● WORK INSTRUCTIONS: Leave out the pictures and copy the remaining records exactly.

(Caption-style text data)
★ ★ ★

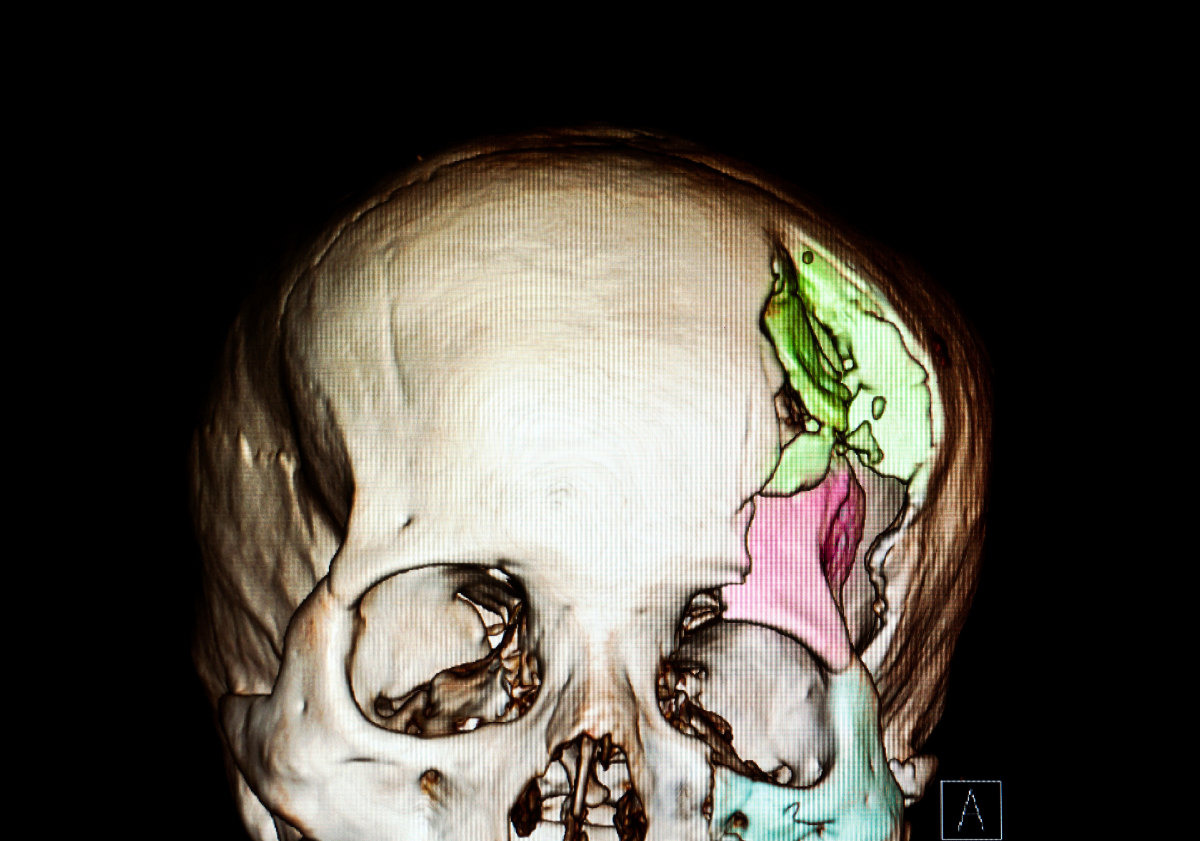 Skull Fracture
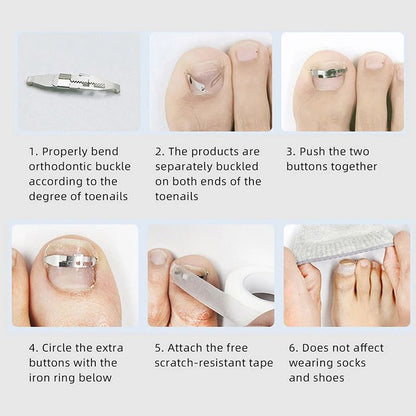 Professional Ingrown Toenail Corrector Tool Foot Care Pedicure Treatment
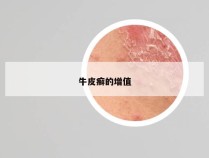 牛皮癣的增值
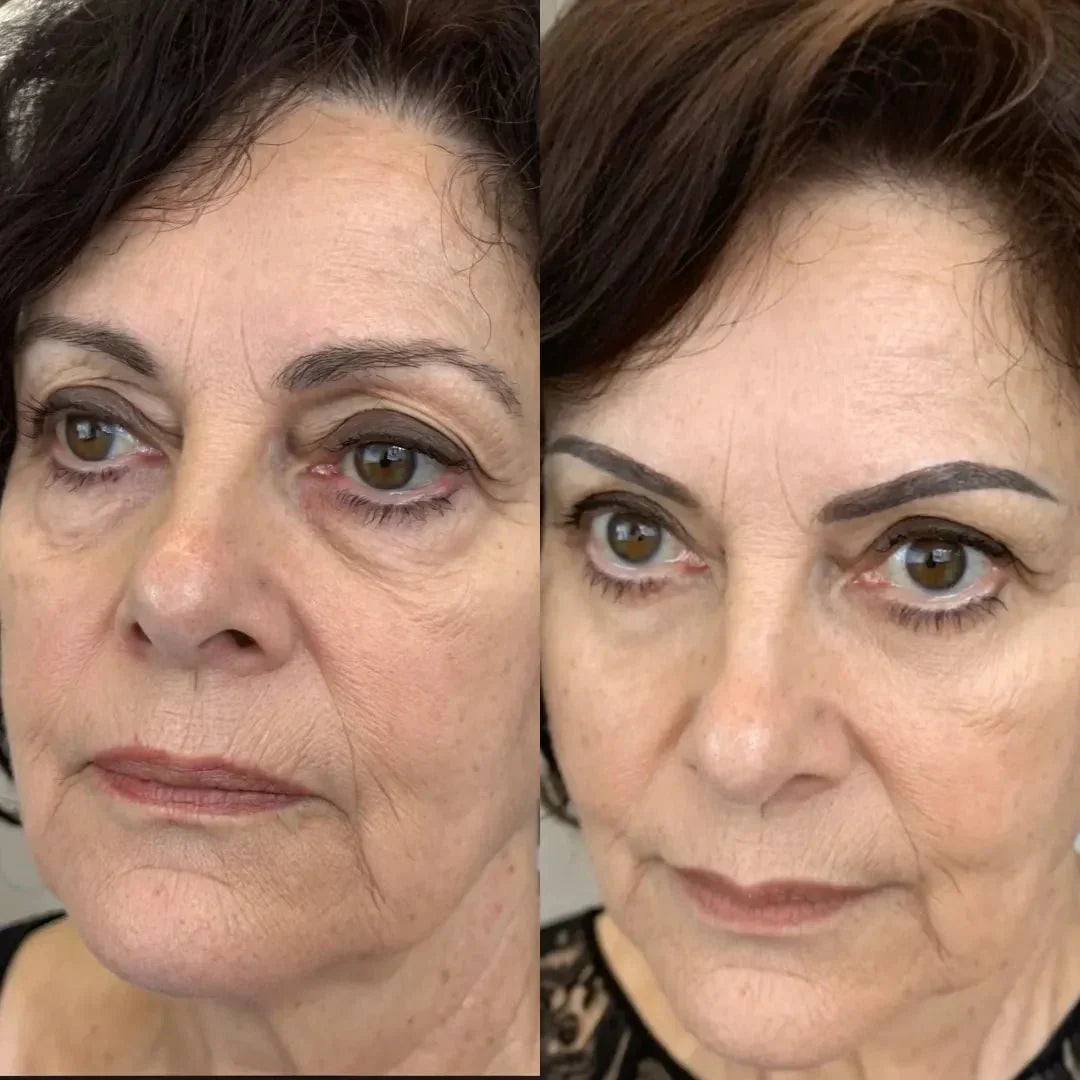 ClearEyes™ | For a Fresh, Youthful Look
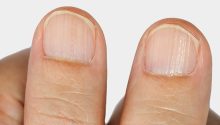 What Could Mean For Your Body Having Striped Nails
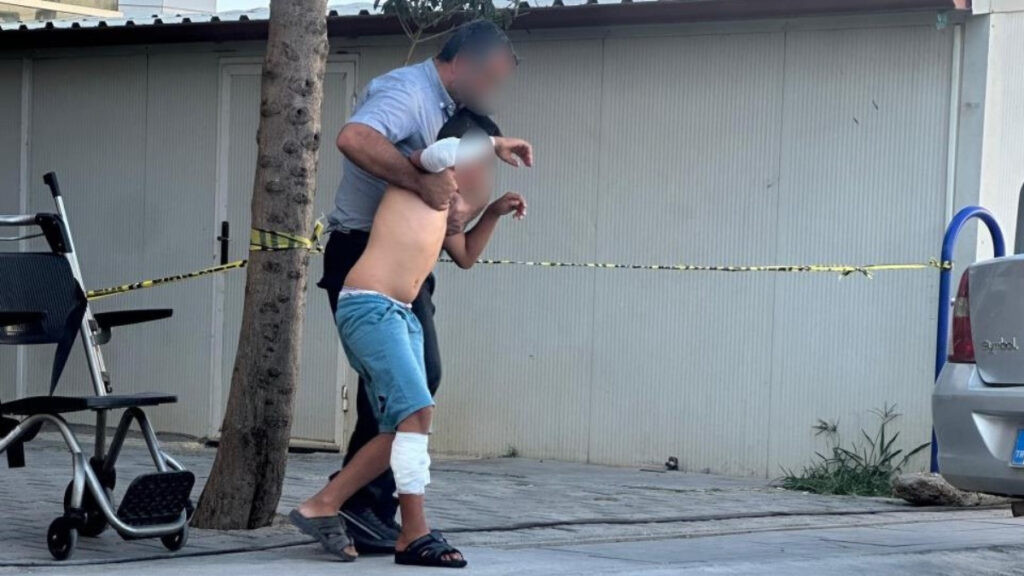 adiyamanda basibos kopek cocuga saldirdi NHauAuPN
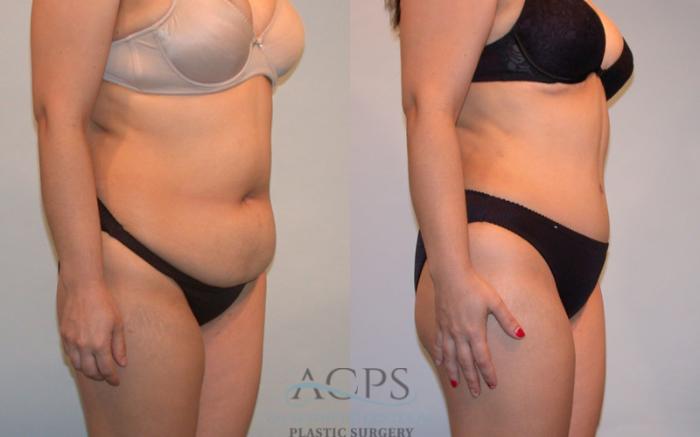 Before & After Tummy Tuck Case 86 Oblique View: View in Houston, TX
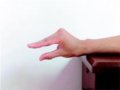 手指弯曲伸不直？电脑族、拇指族要小心
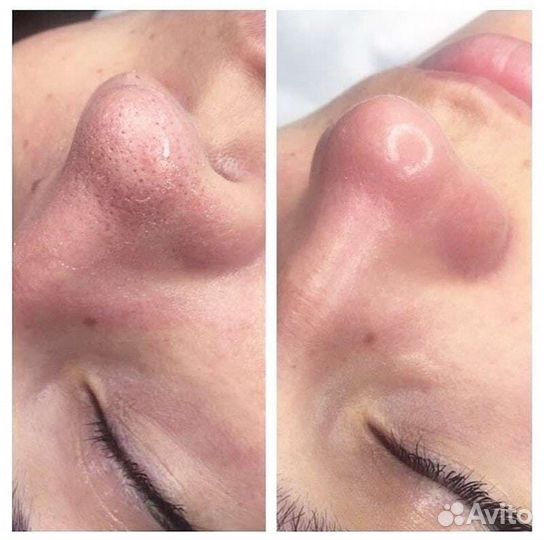 Коррекция фигуры - массаж лица и тела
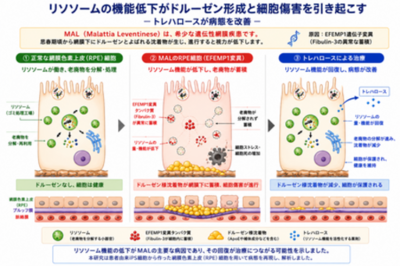 リソソーム異常が希少眼疾患の原因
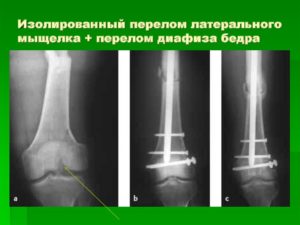 Перелом латерального мыщелка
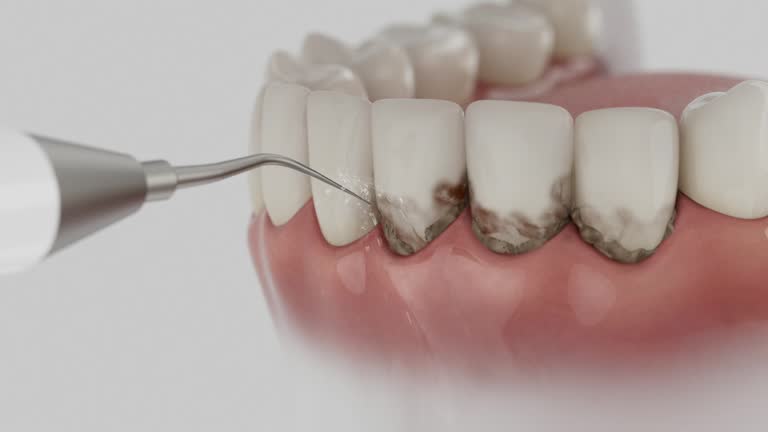 Reliable Dental Implants contractor in Buena Vista city County, VA by Dentist Open Now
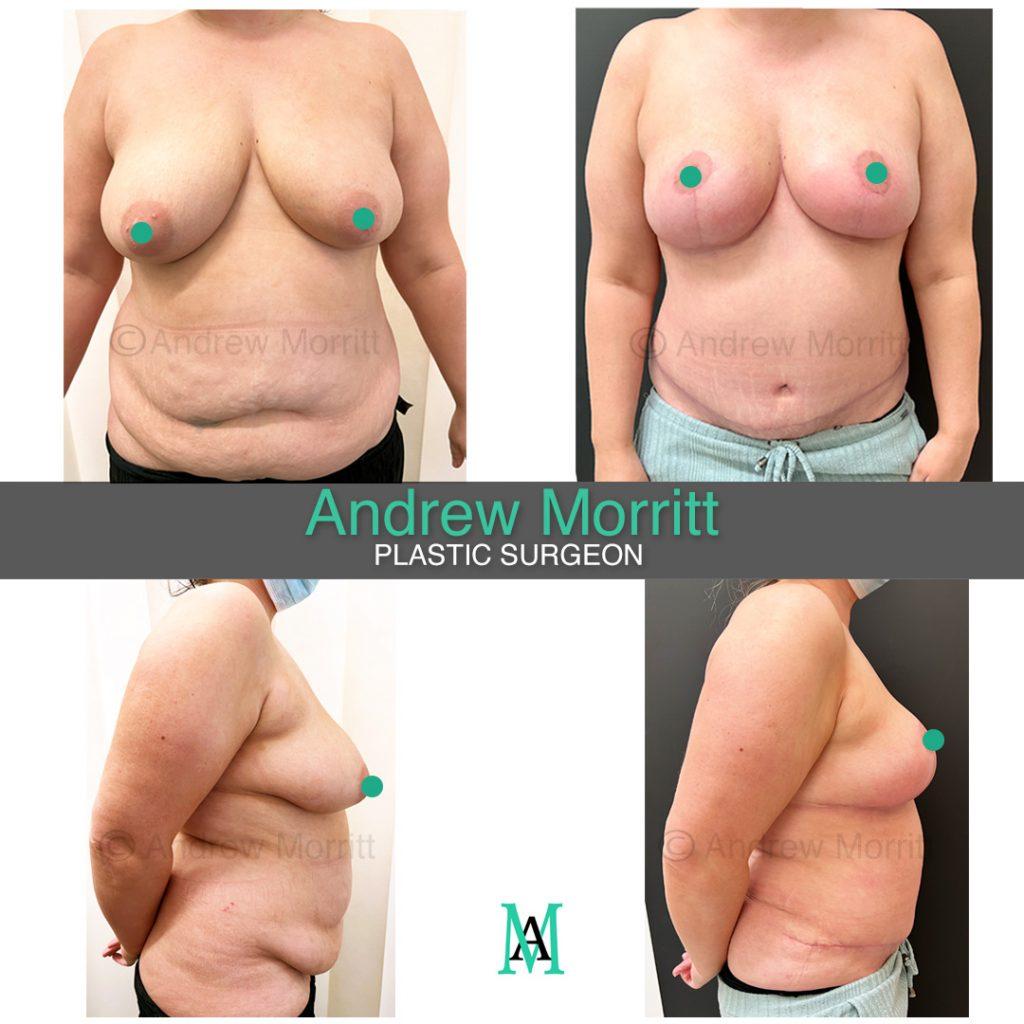 Mummy makeover sheffield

★ ★ ★

● COMPLETED EXERCISE:
 Skull Fracture
 Professional Ingrown Toenail Corrector Tool Foot Care Pedicure Treatment
 牛皮癣的增值
 ClearEyes™ | For a Fresh, Youthful Look
 What Could Mean For Your Body Having Striped Nails
 adiyamanda basibos kopek cocuga saldirdi NHauAuPN
 Before & After Tummy Tuck Case 86 Oblique View: View in Houston, TX
 手指弯曲伸不直？电脑族、拇指族要小心
 Коррекция фигуры - массаж лица и тела
 リソソーム異常が希少眼疾患の原因
 Перелом латерального мыщелка
 Reliable Dental Implants contractor in Buena Vista city County, VA by Dentist Open Now
 Mummy makeover sheffield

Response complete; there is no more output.